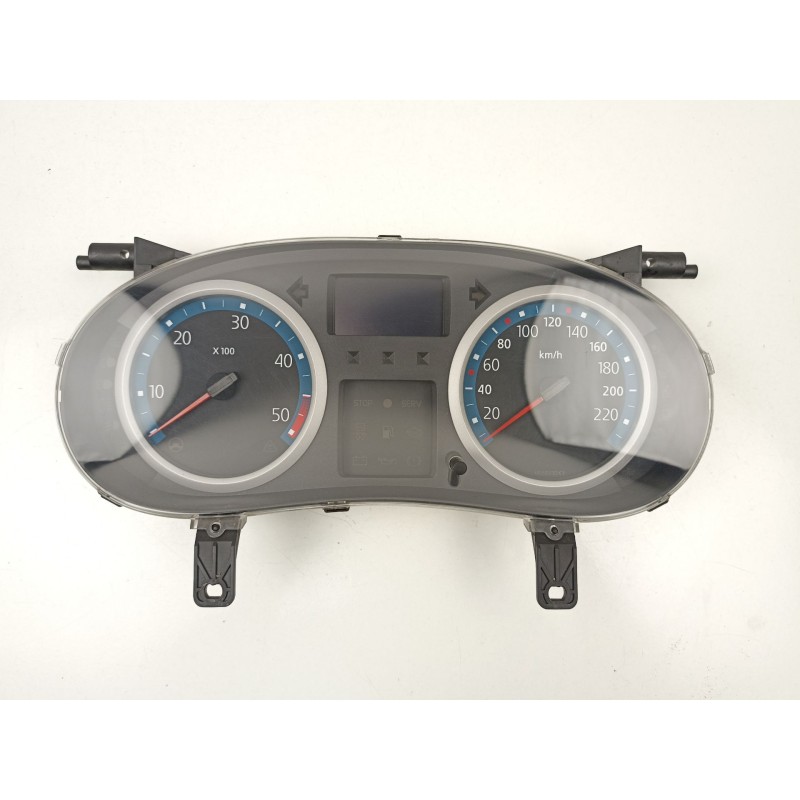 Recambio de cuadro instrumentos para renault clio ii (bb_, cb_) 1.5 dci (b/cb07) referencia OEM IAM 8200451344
# # # # # # #
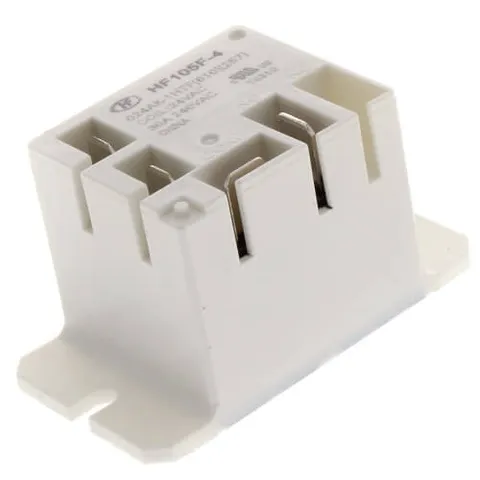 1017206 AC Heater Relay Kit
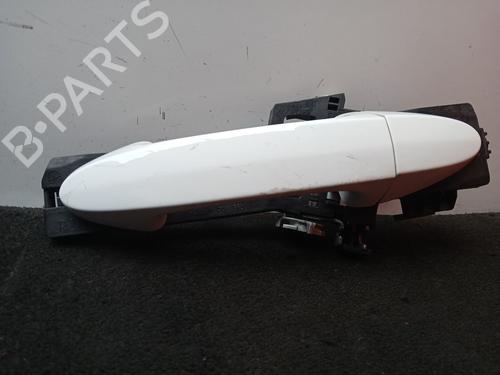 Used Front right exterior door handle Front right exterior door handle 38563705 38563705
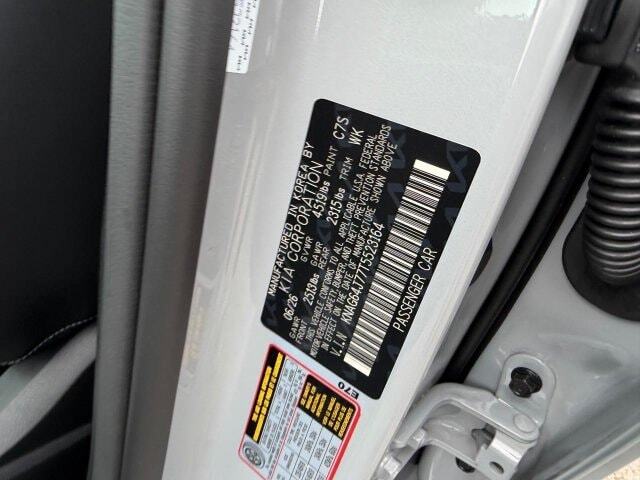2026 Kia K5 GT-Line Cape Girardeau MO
# # # # # # #
In the records above, everything from the line with "Used Front right" down to the line with "2026 Kia K5 GT-Line Cape Girardeau MO" is to be set down exactly, both ends included, with no pictures and no other lines.

* **Task output**
 Used Front right exterior door handle Front right exterior door handle 38563705 38563705
2026 Kia K5 GT-Line Cape Girardeau MO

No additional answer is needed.